In Colonial times, and even earlier, many people living in the Río Grande Valley were isolated and had limited materials for patching blankets.
“Colcha (“bed covering”) really lends itself to working in low light, maybe by fireplace at night,” describes colcha embroider and workshop instructor Connie Fernandez of Taos. “It is so easy once you start. It's repetitive. You don't have to think about it. You don't have to go and check where you placed the last stitch. How many rows over? None of that. You can work five minutes, put it down, do what you have to do, come back to it again later. It made sense to stitch this way in Colonial times.”
The origin of Spanish colcha embroidery has various interpretations. All forms of needlework are found on every continent, in every country. It's universal. The colcha stitch is similar to the ancient Romanian “bokhara” couching stitch. But when we come to Northern New Mexico, we're talking about the churro wool and natural dyes that were available in Colonial times. Vibrant colcha embroidery could be found throughout the entire boundary-void area of Spanish colonization from Southern New Mexico to Southern Colorado.
“The most logical story about the beginning of colcha embroidery in New Mexico,” informs local colcha embroider Irene Brandtner de Martínez, “is that the wool blankets developed holes, which were caused by moths or wear. The ladies would embroider a flower or an animal to cover the hole. With time, the blanket became a thing of beauty.”
“The use of the word colcha (in the Río Grande Valley) for these embroideries started in the 1930s with Anglo women’s interest in the colorful embroideries,” adds Brandtner de Martínez.
When you trace its global history, Fernandez says you will find pieces of what would be colcha-style embroidery in Spain and Portugal. “You can look at pieces in other countries going out from there. Then you look at central South America, you look at Mexico, you look at people from Spain, Portugal and from other areas going into Mexico and eventually coming up the Camino Real and settling here,” she explains. “They're bringing memories with them. They're bringing practices and designs that were taught to them.”
Both of Fernandez’s grandmothers did embroidery, but not colcha. “It was just part of life. All my dresses were made from flour sacks when I was little,” she recalls from her years growing up in Connecticut.
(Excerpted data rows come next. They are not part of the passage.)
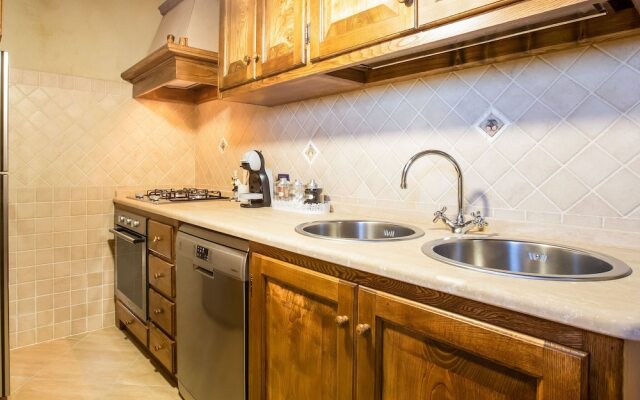 Cosy Holiday Home in Metato With Swimming Pool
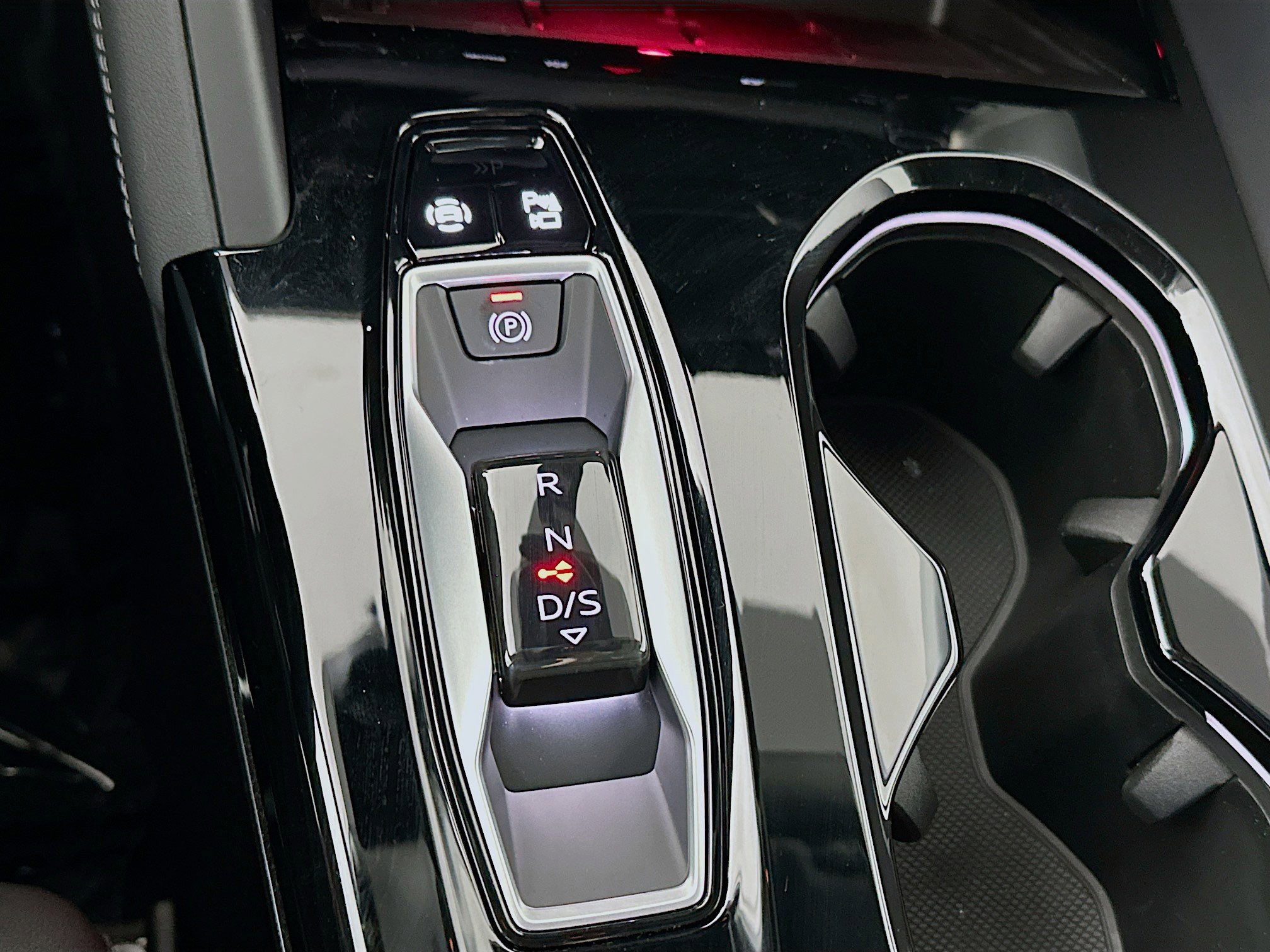 Certified 2025 Audi Q5 Premium Plus image 17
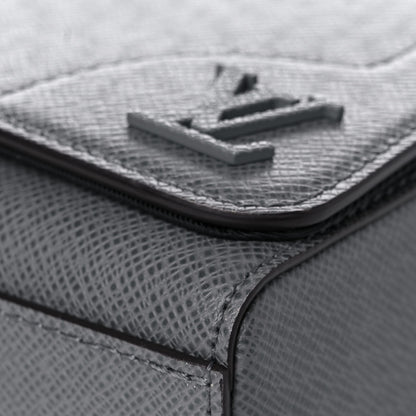 Louis Vuitton Taiga New Flap Messenger Gris 8 of 13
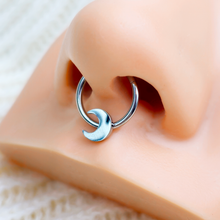 Load image into Gallery viewer, 16G 3/8 Crescent Moon Hinged Segment Ring

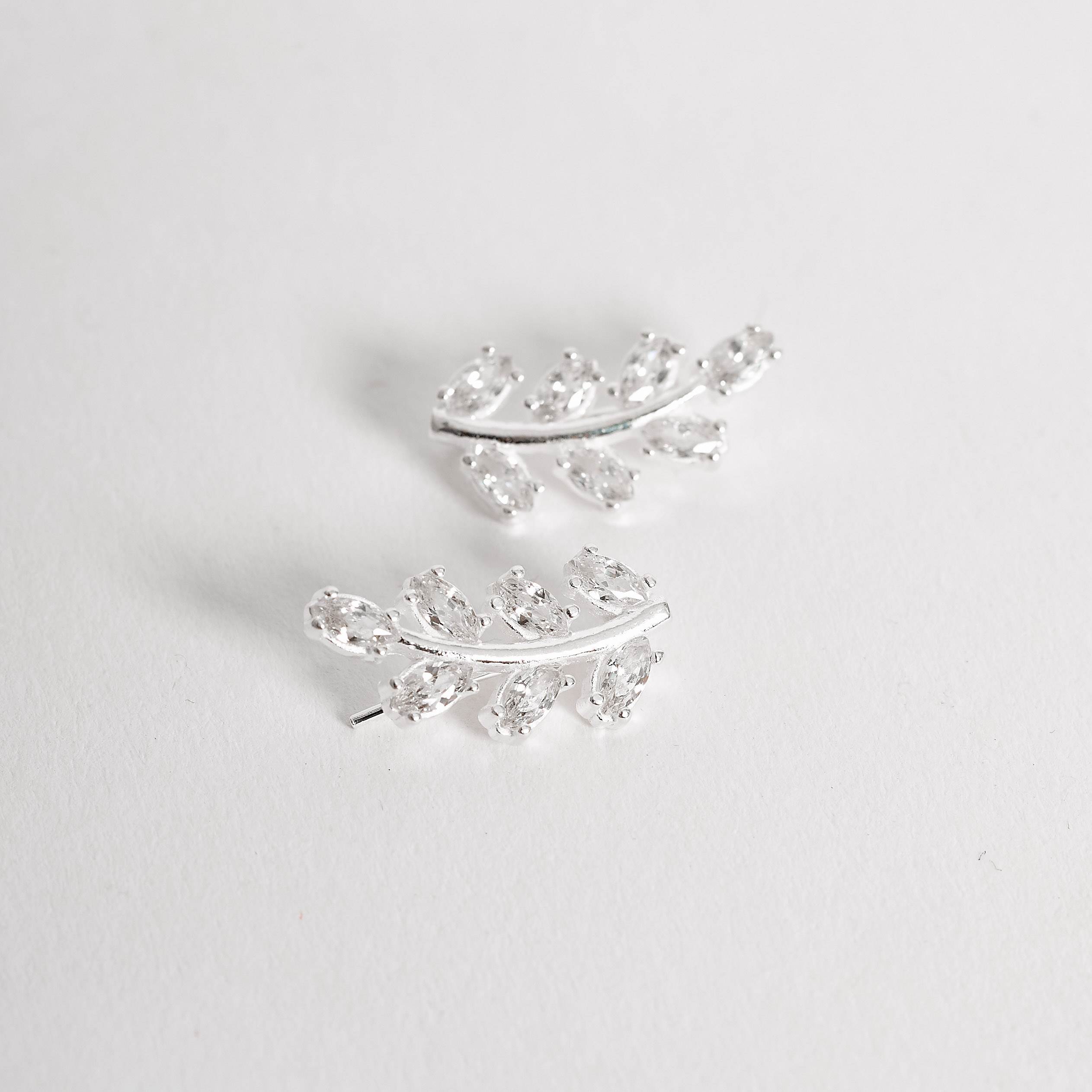 Imagem Secundária Brinco ear cuff hera com zircônias navete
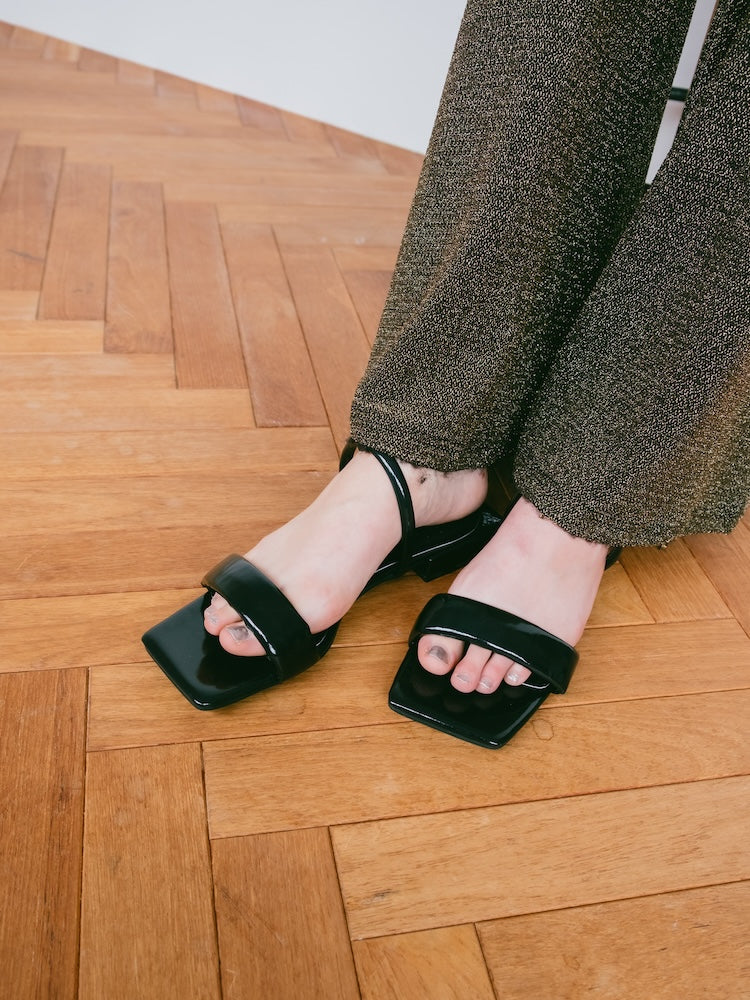 カラー:Black / サイズ:S, M, L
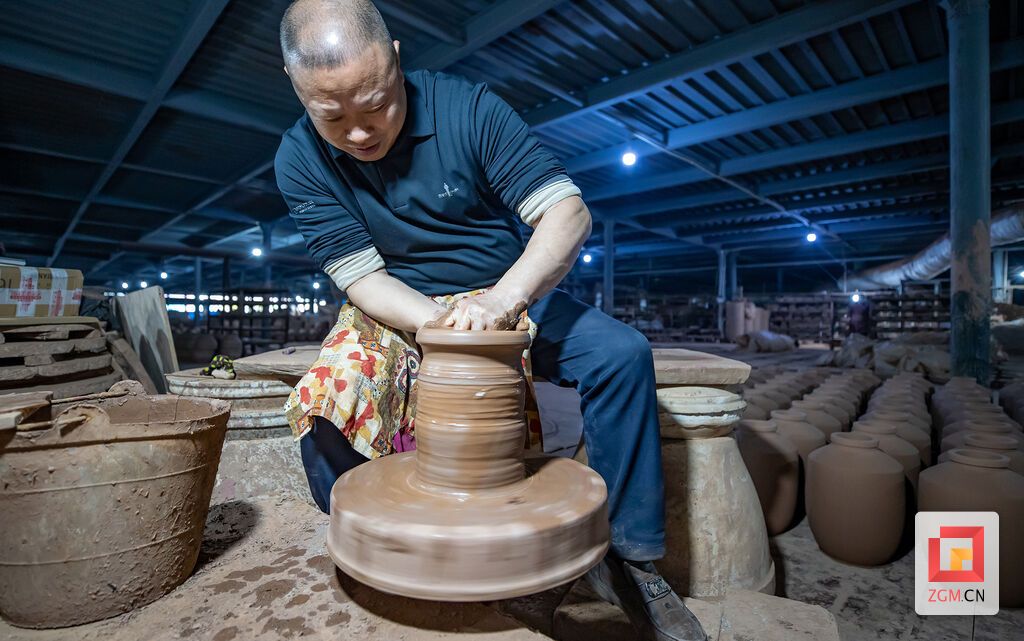 邱明理在制作中 记者 叶卫东 摄.jpg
Using her knowledge of other forms of embroidery gleaned from her grandmothers, Fernandez really began to experiment with colcha in the early 1990s after retiring from a 43-year teaching career in California and Colorado. She picked a lot of it up on her own and after moving to New Mexico, had more time to devote to her new passion.
“I was struggling with it. The very first time that I was able to sit with somebody and receive encouragement was actually in San Luis, Colorado,” she says. “Josie Lobato, who had done a revival there, and her daughter were demonstrating during a kind of community day. I actually sat down and worked on a piece and brought some stuff I had done. Josie told me, ‘You are fine. Continue.’ ”
Traditional Northern New Mexico wool-on-wool colcha dating from 1800-1850 mostly came from churro sheep. It was handwoven as sabanilla (the backing) and as naturally dyed yarn for the embroidery. Today, this process is used for “good pieces” — it would have to be used if you wanted to show your work in say, the Spanish Market. For everyday purposes, women later used other materials that became more available, such as linen and cotton. But for traditional colcha, it’s churro wool or nothing.
"The churro sheep is the all-important animal that provided sustenance,” Fernandez says. “It provided its wool, and the wool became your yarn and that became your cloth and that became bedding and clothing. That, and then using natural dyes, are all traditional when looking at it. The churro sheep is what makes colcha unique here.”
For the backing on her contemporary creations, such as framed artwork, Fernandez has repurposed a skirt from a yard sale. She’s used men's pants and other types of cloth from fabric stores and second-hand shops. “I love using Mexican shawls. The sabanilla does not always have to be clear and white (as in traditional backing). It can be different.”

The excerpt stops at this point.